(Given data begins)
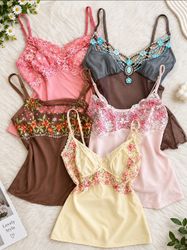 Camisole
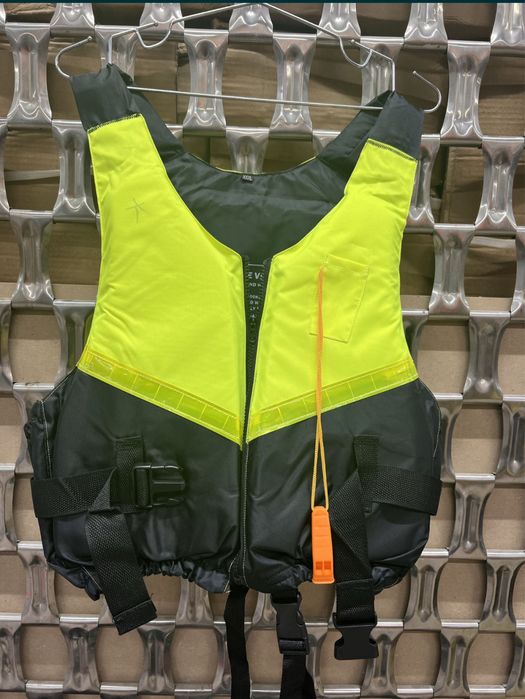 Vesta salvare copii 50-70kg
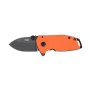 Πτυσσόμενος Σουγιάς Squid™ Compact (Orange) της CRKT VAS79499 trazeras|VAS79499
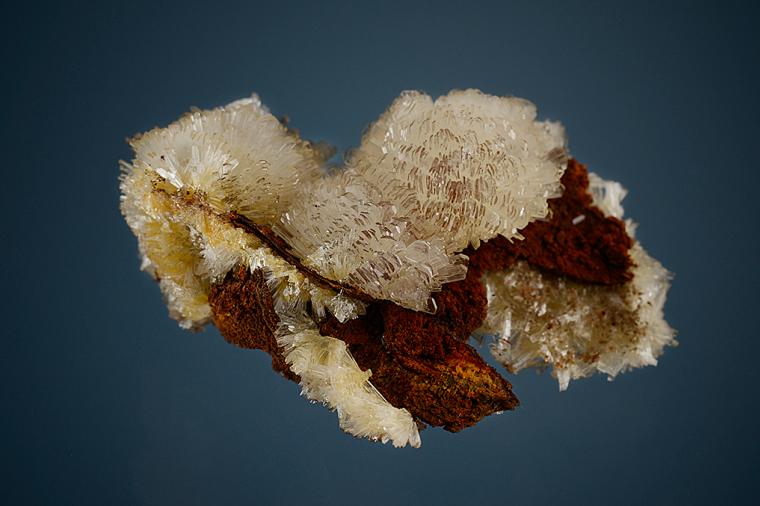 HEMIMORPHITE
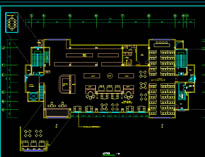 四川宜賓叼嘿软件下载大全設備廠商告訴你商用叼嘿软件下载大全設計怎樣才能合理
(Given data ends)
▶ _Aim of the exercise_: Since the pictures are not part of the copy, transcribe only the remaining material, exactly.

▶ _Solution to this exercise_:
 Camisole
 Vesta salvare copii 50-70kg
 Πτυσσόμενος Σουγιάς Squid™ Compact (Orange) της CRKT VAS79499 trazeras|VAS79499
 HEMIMORPHITE
 四川宜賓叼嘿软件下载大全設備廠商告訴你商用叼嘿软件下载大全設計怎樣才能合理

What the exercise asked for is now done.